Is it expensive to build film sets? 
How are fake walls made for sets? 
How do you build a film set? 
What is a green screen? 
How do you estimate costs? 
How to budget your set build 

How long does it take to build a film set? 

 
It's a piece of string question but here are some examples
 
We have built 4 blanks walls and painted a floor in 4 hours, so we could shoot the same day but it was less than cost effective overall and most people will refuse or just not manage it.  
A big set on a movie can be many weeks from start to finish but this has factors like; waiting for drawings, shortage of labour, waiting for exotic materials, rewrites and so on. 
A small commercial would be perhaps 2 day build but a decent commercial would be a week or two.  
A small film stage with one or two sets can be perhaps two weeks but often sets are changed and swopped over the course of shooting as well to save money. 
 
Please remember the set has to be struck (demolished) at the end, after all other departments have left, its will also not happen instantly but certainly a whole day minimum is ideal. 
 

How much does film set construction cost? 

 
A set can be built for £1,000 but we are probably talking about a single wall under those circumstances. The UK film construction industry is catering to perhaps the largest Film and TV budgets in the world, this makes for high pay and high standards. That being said indigenous British film productions do not traditionally allocate large budgets to their productions and so must be looked at and indeed catered to separately by separate suppliers. 
 
UK Commercials have now a similar agreed pay scale to that of long form US productions and major films shot in the UK and so is similarly budgeted. The bottom line is that any film set must be estimated based on requirements, it can not simply be calculated as a percentage of the production budget. A single domestic room set could be built and struck for £5000 or could cost you £45,000 if the architectural and finishing requirements are exotic enough. 
 
A rather simplistic rule of thumb would be to look at the square footage of floor space and the square footage of wall space. If it is large, the cost will be substantially more than if it is small. This seems patronising but producers often skip this step and are amazed when the see the estimate. 
 
A small independent film might spend £50,000 on the interior of a large luxury flat. A low budget (£1 million) Sci-Fi movie might do a typical single stage worth of a main set and a few minor sets for £70,000. A Hollywood production would spend £200,00 and £700,000 on roughly the same size of sets respectively but they are not getting the same detail of product, they are also building 6 other sets for that movie at the same time over a prolonged period. 
 
With these numbers, I am speaking about experienced film construction companies who’s reputation hangs on every project.
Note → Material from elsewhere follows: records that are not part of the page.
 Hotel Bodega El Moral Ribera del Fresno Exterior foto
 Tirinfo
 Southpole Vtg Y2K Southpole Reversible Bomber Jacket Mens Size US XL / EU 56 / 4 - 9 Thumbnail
We will not deliver something that embarrasses us, we will refuse the project if the budget cannot achieve our level of quality. Beware the “set builder” who either does not or can not maintain this standard, a good set is always good value. 
 

Is it expensive to build film sets? 

Building a set is cheaper than using a location in the following circumstances; 
If you have a lot to shoot, either angles or just pages of dialogue, the freedom of movement for the camera and crew combined with rapid turnarounds, controlled conditions like sound proofing and much broader lighting and grip options multiplies your output many times over.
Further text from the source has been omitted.